“Ormai non mi arrabbio nemmeno più, anche se ho l’amaro in bocca e penso che siamo, davvero, ancora nel Medioevo”. Alessandra Ghirardelli, ravennate, ex giocatrice di calcio di serie A e oggi responsabile del settore giovanile del Ravenna Women F.C., commenta così l’episodio accaduto davanti alla scuola primaria Gulli di Faenza, dove a una bambina è stato negato l’album delle figurine Panini perché femmina. A escluderla rispetto ai compagni maschi, un’addetta alla distribuzione gratuita del famoso album.

Alessandra Ghirdardelli

“Il problema – spiega l’allenatrice – è degli adulti. Io sono abituata a vedere giocare le mie bambine contro i maschi e mai ho sentito commenti negativi. Lo sport azzera le differenze e mette tutti sullo stesso piano. Sono i grandi ad avere ancora pregiudizi: si sentono sulle tribune e si vedono anche in alcune società, che non prendono le bambine a giocare con i bambini perché non sanno come gestirle, a partire dagli spogliatoi che mancano. Eppure, ora che sto frequentando un nuovo corso di formazione, mi sto accorgendo che la Federazione sta investendo molto sulla parte femminile: i moduli ad hoc non sono stati organizzati perché alle donne il calcio si insegna diversamente ma per diffondere una cultura il più possibile paritaria anche tra allenatori e dirigenti”.

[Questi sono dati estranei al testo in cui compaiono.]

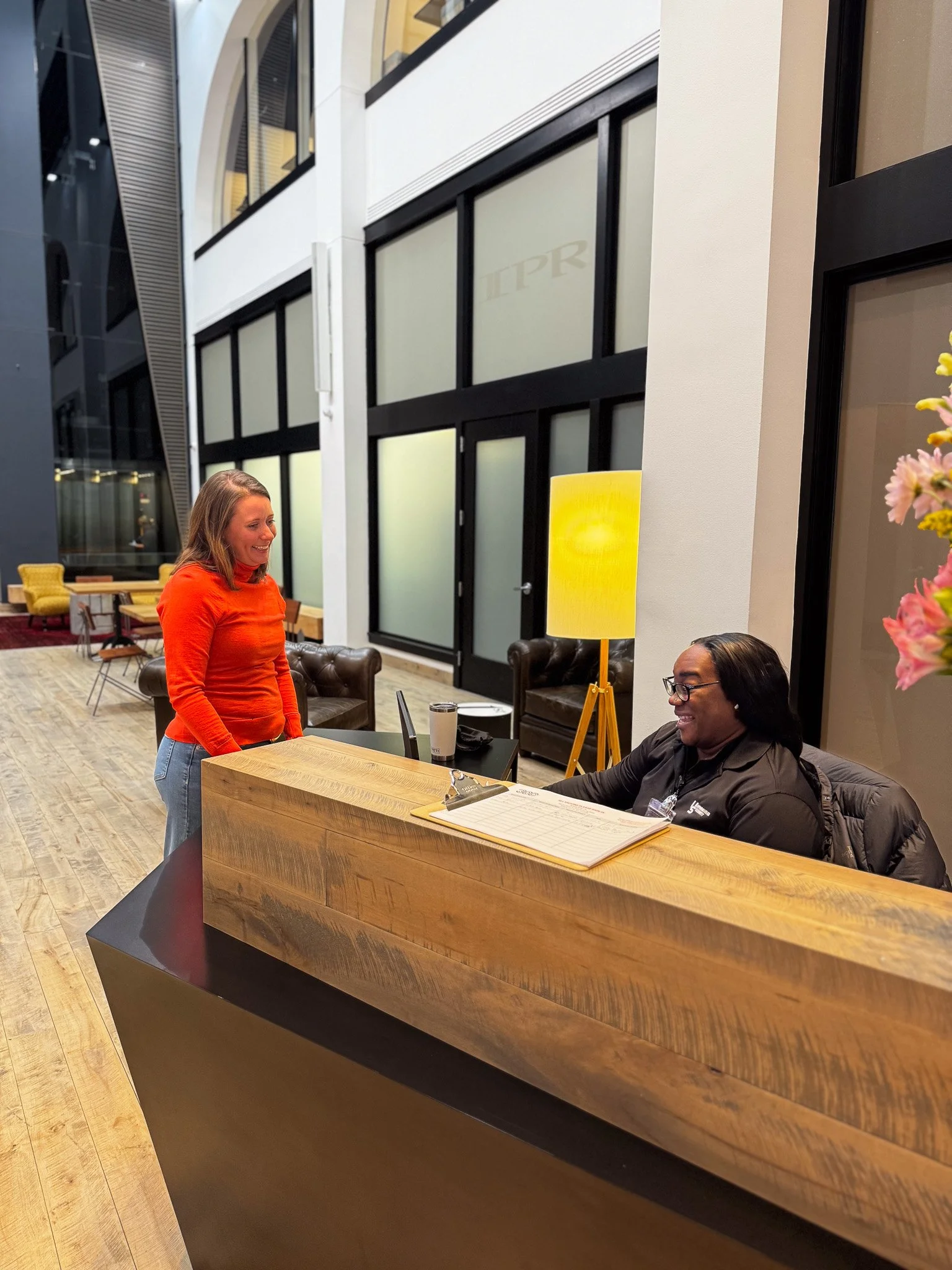 A woman in an orange sweater has a conversation with a woman behind a reception desk in a modern hotel lobby. The woman at the desk is smiling, and there is a yellow floor lamp and some flowers nearby.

Ma dei muri che ancora esistono nella società Ghirardelli si rende conto anche nel rapporto con le scuole del territorio: “Dall’anno scorso stiamo portando avanti un progetto per fa conoscere agli alunni e alle alunne il calcio femminile. Gli insegnanti ci stanno aprendo le porte, per carità. Ma il problema è strutturale: le palestre sono piccole o mancano, i campi di calcio di cui alcune scuole dispongono in cortile hanno l’erba alta e incolta. Non è colpa delle scuole ma di una cultura e di una mentalità che non riescono a fare passi in avanti. La speranza sta nelle giovani generazioni, nei bambini che vedono come normale il fatto di giocare insieme o contro le bambine, che hanno visto i Mondiali di calcio femminile in tv lo scorso anno”.

In ogni caso, per l’allenatrice l’Italia è molti passi indietro rispetto all’Europa: “A Lugo giocavo con una ragazza olandese che mi raccontava come, da bambina, facesse calcio nelle ore di scuola e poi andasse anche ad allenamento. Lo sport, qui, è visto molto diversamente. Io, per fortuna, non ho mai subito discriminazioni, anche se credo di essere stata semplicemente fortunata. A guardare il caso di Faenza, viene da pensare che per alcuni una bambina non solo non possa giocare a calcio ma debba anche evitare di farselo piacere. Anche io collezionavo le figurine, a sei anni. Eppure facevo atletica”.